Herrera-Granda Erick P, Torres-Cantero Juan C, Peluffo-Ordóñez Diego H
Department of Mathematics, Escuela Politécnica Nacional, Ladrón de Guevara E11-235, Quito, 170525, Ecuador.
Virtual Reality Laboratory, ETSIIT, Department of Computer Languages and Systems, University of Granada, c/Periodista Manuel Saucedo Aranda, s/n, 18071, Granada, Spain.
Heliyon. 2024 Sep 6;10(18):e37356. doi: 10.1016/j.heliyon.2024.e37356. eCollection 2024 Sep 30.
Monocular Simultaneous Localization and Mapping (SLAM), Visual Odometry (VO), and Structure from Motion (SFM) are techniques that have emerged recently to address the problem of reconstructing objects or environments using monocular cameras. Monocular pure visual techniques have become attractive solutions for 3D reconstruction tasks due to their affordability, lightweight, easy deployment, good outdoor performance, and availability in most handheld devices without requiring additional input devices. In this work, we comprehensively overview the SLAM, VO, and SFM solutions for the 3D reconstruction problem that uses a monocular RGB camera as the only source of information to gather basic knowledge of this ill-posed problem and classify the existing techniques following a taxonomy. To achieve this goal, we extended the existing taxonomy to cover all the current classifications in the literature, comprising classic, machine learning, direct, indirect, dense, and sparse methods. We performed a detailed overview of 42 methods, considering 18 classic and 24 machine learning methods according to the ten categories defined in our extended taxonomy, comprehensively systematizing their algorithms and providing their basic formulations. Relevant information about each algorithm was summarized in nine criteria for classic methods and eleven criteria for machine learning methods to provide the reader with decision components to implement, select or design a 3D reconstruction system.

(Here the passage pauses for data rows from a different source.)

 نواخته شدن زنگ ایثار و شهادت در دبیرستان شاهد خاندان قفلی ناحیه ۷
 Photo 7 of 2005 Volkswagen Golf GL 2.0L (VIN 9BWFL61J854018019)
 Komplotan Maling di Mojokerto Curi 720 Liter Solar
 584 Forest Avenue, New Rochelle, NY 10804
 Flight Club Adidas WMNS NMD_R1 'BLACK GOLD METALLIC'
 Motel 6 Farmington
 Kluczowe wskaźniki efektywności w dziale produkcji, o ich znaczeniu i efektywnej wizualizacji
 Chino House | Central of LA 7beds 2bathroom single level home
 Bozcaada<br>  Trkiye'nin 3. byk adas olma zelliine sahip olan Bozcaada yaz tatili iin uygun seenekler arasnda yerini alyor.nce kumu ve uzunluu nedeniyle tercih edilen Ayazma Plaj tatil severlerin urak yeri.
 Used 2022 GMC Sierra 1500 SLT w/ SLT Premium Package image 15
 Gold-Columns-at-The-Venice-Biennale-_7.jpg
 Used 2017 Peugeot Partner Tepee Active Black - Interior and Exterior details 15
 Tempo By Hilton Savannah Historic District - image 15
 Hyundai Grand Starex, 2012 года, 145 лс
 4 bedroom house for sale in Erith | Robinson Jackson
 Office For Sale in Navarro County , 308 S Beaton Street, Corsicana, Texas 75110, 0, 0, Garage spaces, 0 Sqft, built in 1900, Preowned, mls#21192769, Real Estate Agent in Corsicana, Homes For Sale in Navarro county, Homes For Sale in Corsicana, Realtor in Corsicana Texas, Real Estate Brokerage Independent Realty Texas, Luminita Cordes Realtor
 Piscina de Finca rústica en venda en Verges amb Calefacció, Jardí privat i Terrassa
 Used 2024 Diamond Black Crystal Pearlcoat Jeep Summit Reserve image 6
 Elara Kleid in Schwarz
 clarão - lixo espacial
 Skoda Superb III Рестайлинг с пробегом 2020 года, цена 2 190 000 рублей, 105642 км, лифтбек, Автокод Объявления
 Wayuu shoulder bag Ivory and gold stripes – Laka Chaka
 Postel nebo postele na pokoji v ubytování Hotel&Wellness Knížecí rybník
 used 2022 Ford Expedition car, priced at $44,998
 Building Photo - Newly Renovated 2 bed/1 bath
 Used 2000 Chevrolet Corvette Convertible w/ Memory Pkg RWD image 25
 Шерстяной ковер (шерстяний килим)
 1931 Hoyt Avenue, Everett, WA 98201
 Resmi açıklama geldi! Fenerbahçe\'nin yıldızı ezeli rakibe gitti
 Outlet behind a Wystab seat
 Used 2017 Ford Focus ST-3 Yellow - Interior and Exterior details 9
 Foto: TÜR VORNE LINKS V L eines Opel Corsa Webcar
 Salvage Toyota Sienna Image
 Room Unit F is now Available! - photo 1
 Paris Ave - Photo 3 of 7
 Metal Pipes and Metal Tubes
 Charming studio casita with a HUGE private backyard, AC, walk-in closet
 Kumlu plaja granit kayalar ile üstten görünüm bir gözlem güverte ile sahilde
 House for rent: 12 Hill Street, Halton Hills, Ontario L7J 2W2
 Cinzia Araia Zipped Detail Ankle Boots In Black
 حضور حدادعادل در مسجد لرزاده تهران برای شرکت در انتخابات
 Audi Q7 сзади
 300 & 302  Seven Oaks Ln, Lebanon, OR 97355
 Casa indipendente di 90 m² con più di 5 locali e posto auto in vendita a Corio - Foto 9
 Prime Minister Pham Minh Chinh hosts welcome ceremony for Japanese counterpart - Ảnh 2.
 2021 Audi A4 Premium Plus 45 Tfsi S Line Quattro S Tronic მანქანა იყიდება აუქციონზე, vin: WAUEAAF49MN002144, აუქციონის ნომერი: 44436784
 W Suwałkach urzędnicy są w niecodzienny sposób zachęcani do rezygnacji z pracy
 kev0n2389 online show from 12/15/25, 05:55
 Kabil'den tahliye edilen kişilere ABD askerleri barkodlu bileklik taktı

Finally, an analysis of the temporal evolution of each category was performed, which determined that the classical-sparse-indirect and classical-dense-indirect categories have been the most accepted solutions to the monocular 3D reconstruction problem over the last 18 years.
单目同步定位与地图构建(SLAM)、视觉里程计(VO)和运动结构恢复(SFM)是最近出现的用于解决使用单目相机重建物体或环境问题的技术。单目纯视觉技术因其成本低、重量轻、易于部署、户外性能好且在大多数手持设备中可用而无需额外输入设备,已成为3D重建任务的有吸引力的解决方案。在这项工作中,我们全面概述了用于3D重建问题的SLAM、VO和SFM解决方案,该问题使用单目RGB相机作为唯一信息源,以收集有关这个不适定问题的基础知识,并按照分类法对现有技术进行分类。为实现这一目标,我们扩展了现有的分类法,以涵盖文献中的所有当前分类,包括经典、机器学习、直接、间接、密集和稀疏方法。我们根据扩展分类法中定义的十个类别,对42种方法进行了详细概述,其中包括18种经典方法和24种机器学习方法,全面系统化了它们的算法并提供了基本公式。关于每种算法的相关信息按照经典方法的九个标准和机器学习方法的十一个标准进行了总结,为读者提供实施、选择或设计3D重建系统的决策要素。最后,对每个类别的时间演变进行了分析,确定在过去18年中,经典-稀疏-间接和经典-密集-间接类别一直是单目3D重建问题最被接受的解决方案。